In this case the Court determined that fair use could not be established. In particular, they focused on the fact that the photo on the stamps was of the face of the statue—the most distinctive and original part. In its defence, the government sought to argue that the photo was not used for a commercial purpose (despite being sold as stamps) and caused no harm to Mr Davidson’s business. However, the Court rejected this proposition. USPS printed billions of copies of Mr Davidson’s statue and sold them to the public, collecting over $4 billion in revenue. Notwithstanding that the overall profits were low, and that USPS operates at a loss, Mr Davidson was entitled to some form of damages.


In determining the sum of damages owed to Mr Davidson, the Court considered a range of expert submissions—including opinions about industry standards for art licenses and royalties calculations, the market conditions at the time of production, and USPS’s standard approaches to both acquiring artwork and licensing its own intellectual property.  The Court was then left to craft a remedy that reflects fair market value of a non-exclusive licence in 2010, the time at which the licence agreement should have been negotiated.

The bulk of the argument centred on whether Mr Davidson was entitled to a running royalty over the entire production (upwards of four billion stamps) or only over the stamps that resulted in a profit for USPS. Although the Forever Stamp is redeemable at any date in the future, USPS estimates that a certain portion of stamps sold are subject to ‘breakage or retention’ and represent a pure profit.

Ultimately, the Court accepted that granting Mr Davidson a running royalty over billions of stamps would have made no economic sense in the context of licensing negotiations. Furthermore, Mr Davidson would have been in no position to demand such a royalty if he was approached at the time.
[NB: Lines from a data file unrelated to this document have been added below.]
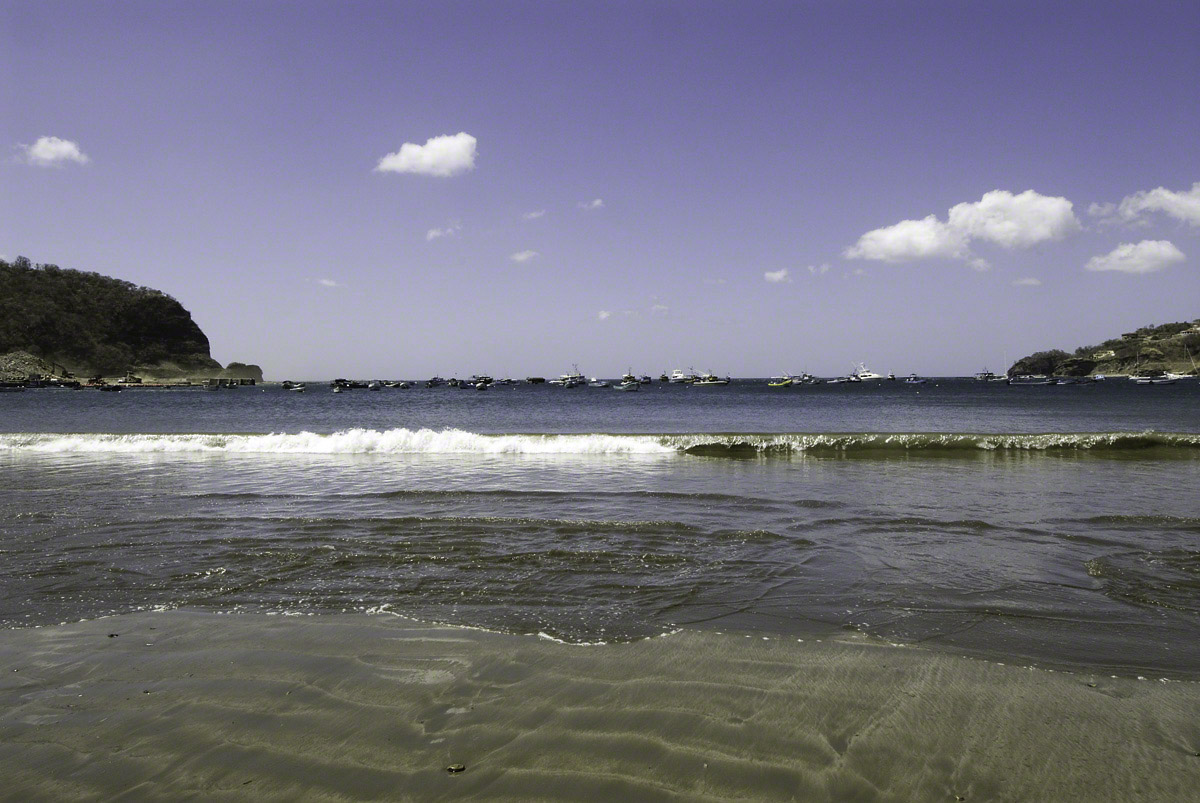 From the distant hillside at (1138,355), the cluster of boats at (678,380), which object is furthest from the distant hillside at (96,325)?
the distant hillside at (1138,355)

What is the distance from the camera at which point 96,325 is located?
5679 inches

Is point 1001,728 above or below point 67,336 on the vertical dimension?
below

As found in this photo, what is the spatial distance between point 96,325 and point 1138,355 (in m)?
244

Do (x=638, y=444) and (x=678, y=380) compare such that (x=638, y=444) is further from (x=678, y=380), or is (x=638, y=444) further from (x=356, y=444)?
(x=678, y=380)

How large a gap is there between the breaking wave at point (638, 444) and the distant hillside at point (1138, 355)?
159 meters

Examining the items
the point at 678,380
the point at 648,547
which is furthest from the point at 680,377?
the point at 648,547

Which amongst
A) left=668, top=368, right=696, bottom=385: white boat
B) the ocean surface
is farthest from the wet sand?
left=668, top=368, right=696, bottom=385: white boat

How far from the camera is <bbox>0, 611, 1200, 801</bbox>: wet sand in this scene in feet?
11.4

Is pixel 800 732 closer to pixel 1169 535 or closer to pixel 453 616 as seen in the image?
pixel 453 616

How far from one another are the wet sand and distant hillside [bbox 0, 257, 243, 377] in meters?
166

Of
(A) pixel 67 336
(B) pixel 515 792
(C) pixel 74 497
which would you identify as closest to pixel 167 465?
(C) pixel 74 497

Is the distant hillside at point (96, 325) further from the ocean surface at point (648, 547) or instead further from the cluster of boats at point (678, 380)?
the ocean surface at point (648, 547)

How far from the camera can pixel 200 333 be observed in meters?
165

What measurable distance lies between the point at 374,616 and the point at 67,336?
6736 inches
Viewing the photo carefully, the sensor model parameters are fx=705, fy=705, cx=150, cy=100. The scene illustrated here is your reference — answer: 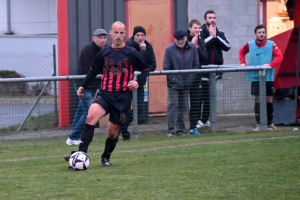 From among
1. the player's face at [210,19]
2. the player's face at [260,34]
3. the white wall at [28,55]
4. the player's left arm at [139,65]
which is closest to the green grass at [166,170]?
the player's left arm at [139,65]

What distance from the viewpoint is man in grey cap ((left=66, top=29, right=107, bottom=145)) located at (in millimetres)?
11656

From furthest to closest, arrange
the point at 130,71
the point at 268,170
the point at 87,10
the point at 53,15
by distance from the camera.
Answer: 1. the point at 53,15
2. the point at 87,10
3. the point at 130,71
4. the point at 268,170

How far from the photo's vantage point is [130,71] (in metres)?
8.68

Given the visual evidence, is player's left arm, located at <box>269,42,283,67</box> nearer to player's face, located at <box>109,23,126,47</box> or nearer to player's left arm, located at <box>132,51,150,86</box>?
player's left arm, located at <box>132,51,150,86</box>

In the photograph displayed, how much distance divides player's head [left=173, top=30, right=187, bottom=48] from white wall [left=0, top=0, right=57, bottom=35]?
22.0 meters

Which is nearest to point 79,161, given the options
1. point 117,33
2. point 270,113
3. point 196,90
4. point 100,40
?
point 117,33

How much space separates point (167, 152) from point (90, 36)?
5.79 meters

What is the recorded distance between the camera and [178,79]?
483 inches

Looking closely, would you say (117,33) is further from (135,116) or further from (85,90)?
(135,116)

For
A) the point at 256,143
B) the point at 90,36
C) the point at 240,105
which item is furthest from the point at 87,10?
the point at 256,143

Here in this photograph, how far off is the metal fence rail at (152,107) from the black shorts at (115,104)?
299 cm

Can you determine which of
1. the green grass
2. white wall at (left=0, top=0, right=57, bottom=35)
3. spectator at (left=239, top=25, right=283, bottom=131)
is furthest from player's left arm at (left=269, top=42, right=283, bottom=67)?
white wall at (left=0, top=0, right=57, bottom=35)

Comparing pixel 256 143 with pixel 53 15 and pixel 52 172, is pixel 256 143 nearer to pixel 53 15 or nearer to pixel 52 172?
pixel 52 172

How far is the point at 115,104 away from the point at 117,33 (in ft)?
2.84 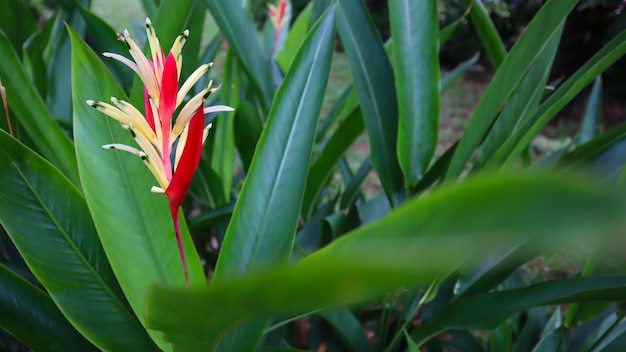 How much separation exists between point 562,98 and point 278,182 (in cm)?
42

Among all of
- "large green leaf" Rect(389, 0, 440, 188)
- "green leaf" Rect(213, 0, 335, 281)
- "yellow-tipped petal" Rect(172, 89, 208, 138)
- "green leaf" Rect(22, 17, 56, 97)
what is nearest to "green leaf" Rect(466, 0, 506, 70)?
"large green leaf" Rect(389, 0, 440, 188)

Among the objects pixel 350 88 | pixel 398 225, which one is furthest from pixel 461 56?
pixel 398 225

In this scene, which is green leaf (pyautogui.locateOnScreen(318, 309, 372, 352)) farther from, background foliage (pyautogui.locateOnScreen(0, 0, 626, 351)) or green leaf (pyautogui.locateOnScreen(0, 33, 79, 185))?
green leaf (pyautogui.locateOnScreen(0, 33, 79, 185))

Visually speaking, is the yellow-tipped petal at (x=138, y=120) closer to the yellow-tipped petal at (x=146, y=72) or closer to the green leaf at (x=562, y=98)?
the yellow-tipped petal at (x=146, y=72)

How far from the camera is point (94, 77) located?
70 cm

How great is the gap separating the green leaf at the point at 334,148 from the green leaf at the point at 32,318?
55cm

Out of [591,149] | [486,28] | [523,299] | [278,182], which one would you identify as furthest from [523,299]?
[486,28]

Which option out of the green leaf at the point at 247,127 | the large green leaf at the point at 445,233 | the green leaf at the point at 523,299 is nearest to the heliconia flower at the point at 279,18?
the green leaf at the point at 247,127

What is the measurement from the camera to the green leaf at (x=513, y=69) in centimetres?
79

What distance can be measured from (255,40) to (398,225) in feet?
2.89

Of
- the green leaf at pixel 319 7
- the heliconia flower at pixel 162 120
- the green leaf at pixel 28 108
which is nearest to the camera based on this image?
the heliconia flower at pixel 162 120

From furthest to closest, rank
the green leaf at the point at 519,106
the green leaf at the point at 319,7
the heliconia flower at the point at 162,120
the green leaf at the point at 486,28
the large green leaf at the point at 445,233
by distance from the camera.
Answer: the green leaf at the point at 319,7
the green leaf at the point at 486,28
the green leaf at the point at 519,106
the heliconia flower at the point at 162,120
the large green leaf at the point at 445,233

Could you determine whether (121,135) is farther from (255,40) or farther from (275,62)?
(275,62)

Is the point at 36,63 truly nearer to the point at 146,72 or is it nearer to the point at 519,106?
the point at 146,72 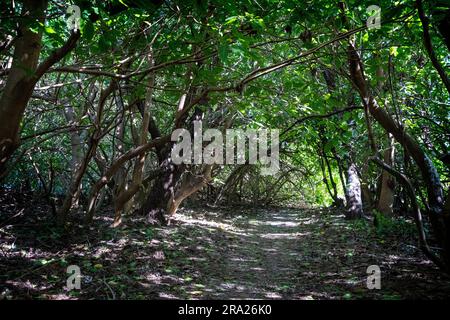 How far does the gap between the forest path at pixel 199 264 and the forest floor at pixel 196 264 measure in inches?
0.5

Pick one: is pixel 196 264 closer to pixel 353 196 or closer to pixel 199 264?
pixel 199 264

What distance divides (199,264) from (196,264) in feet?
0.18

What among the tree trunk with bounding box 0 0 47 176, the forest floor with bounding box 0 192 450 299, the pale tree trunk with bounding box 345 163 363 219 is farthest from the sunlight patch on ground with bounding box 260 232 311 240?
the tree trunk with bounding box 0 0 47 176

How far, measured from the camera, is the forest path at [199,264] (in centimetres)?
452

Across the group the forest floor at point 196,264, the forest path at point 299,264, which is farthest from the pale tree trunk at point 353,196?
the forest floor at point 196,264

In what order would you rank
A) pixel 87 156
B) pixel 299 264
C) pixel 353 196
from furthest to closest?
1. pixel 353 196
2. pixel 87 156
3. pixel 299 264

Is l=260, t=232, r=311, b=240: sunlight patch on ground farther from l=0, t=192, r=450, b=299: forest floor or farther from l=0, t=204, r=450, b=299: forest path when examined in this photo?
l=0, t=204, r=450, b=299: forest path

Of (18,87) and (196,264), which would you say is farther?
(196,264)

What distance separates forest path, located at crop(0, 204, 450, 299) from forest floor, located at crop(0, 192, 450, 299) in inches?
0.5

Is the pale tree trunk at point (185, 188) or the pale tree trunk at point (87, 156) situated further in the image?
the pale tree trunk at point (185, 188)

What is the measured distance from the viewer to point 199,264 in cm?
618

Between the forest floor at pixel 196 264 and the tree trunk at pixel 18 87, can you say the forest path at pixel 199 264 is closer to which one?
the forest floor at pixel 196 264

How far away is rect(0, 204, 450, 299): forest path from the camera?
4.52 meters

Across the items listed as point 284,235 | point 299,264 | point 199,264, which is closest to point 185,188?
point 284,235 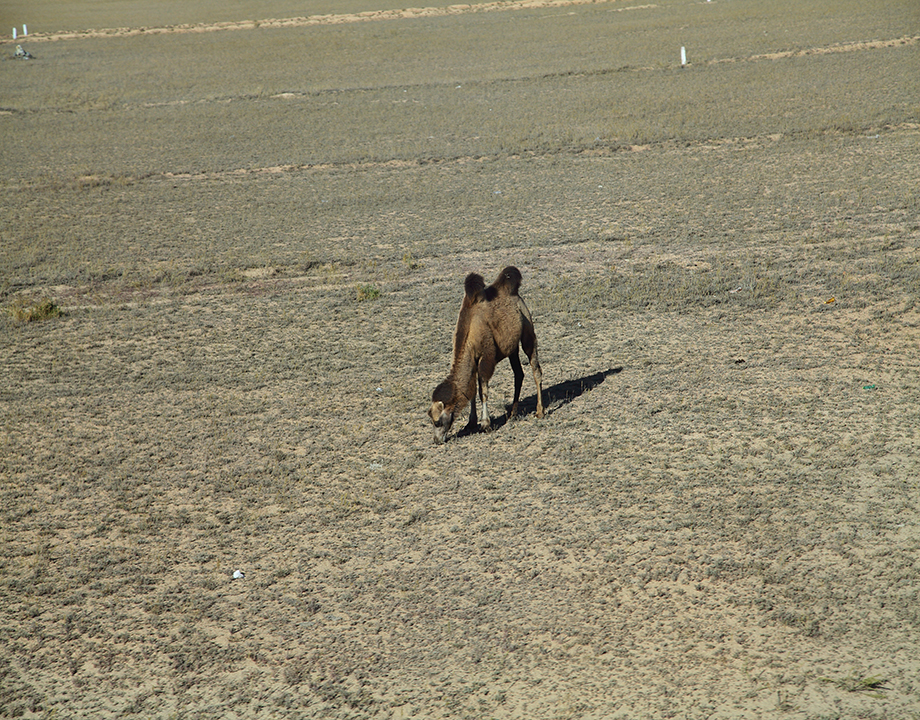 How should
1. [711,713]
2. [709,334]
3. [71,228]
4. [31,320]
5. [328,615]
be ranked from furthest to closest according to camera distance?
[71,228], [31,320], [709,334], [328,615], [711,713]

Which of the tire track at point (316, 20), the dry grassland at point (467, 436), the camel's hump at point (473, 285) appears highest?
the tire track at point (316, 20)

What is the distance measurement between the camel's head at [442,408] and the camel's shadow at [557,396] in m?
0.73

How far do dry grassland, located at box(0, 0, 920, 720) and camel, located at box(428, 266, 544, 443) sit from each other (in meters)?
0.63

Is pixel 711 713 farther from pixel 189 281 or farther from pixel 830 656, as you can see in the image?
pixel 189 281

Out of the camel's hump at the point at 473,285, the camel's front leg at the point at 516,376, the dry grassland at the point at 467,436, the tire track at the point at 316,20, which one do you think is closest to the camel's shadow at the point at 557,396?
the dry grassland at the point at 467,436

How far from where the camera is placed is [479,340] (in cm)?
798

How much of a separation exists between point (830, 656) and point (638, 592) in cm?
129

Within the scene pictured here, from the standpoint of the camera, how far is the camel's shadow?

As such, Mr Davidson was only entitled to the standard $5,000 non-exclusive licensing fee that USPS generally pays in respect of the whole stamp production.

However, the Court considered that stamps that were retained by the buyer, or were lost or destroyed, should be treated as distinct from the production run as a whole. According to USPS, the breakage and retention rate represented roughly 3.24 percent of stamps sold during the time. When applied to the total revenue collected from the Lady Liberty stamp, this amounted to slightly more than $70 million in profit to USPS. Having determined from expert opinions that an average running royalty was around 5 percent, the Court was prepared to grant Mr Davidson a running royalty over the sales of profit-earning stamps, being US $3.5 million.

Some might say Mr Davidson’s sculpture has received the ultimate stamp of approval.

A copy of the judgment can be found at https://ecf.cofc.uscourts.gov/cgi-bin/show_public_doc?2013cv0942-136-0.  Thanks to our winter clerk Rohan McPhee for his assistance with this article.

[1] Davidson v The United States (Fed Cl, No 13-942C, 29 Jun 2018) 17.

[2] Feist Publ’ns, Inc. v Rural Tel. Serv. Co, 499 US 340, 345 (1991).

[3] Davidson v The United States (Fed Cl, No 13-942C, 29 Jun 2018) 17.

[4] 697 F.2d 27, 34-35 (2nd Cir, 1982).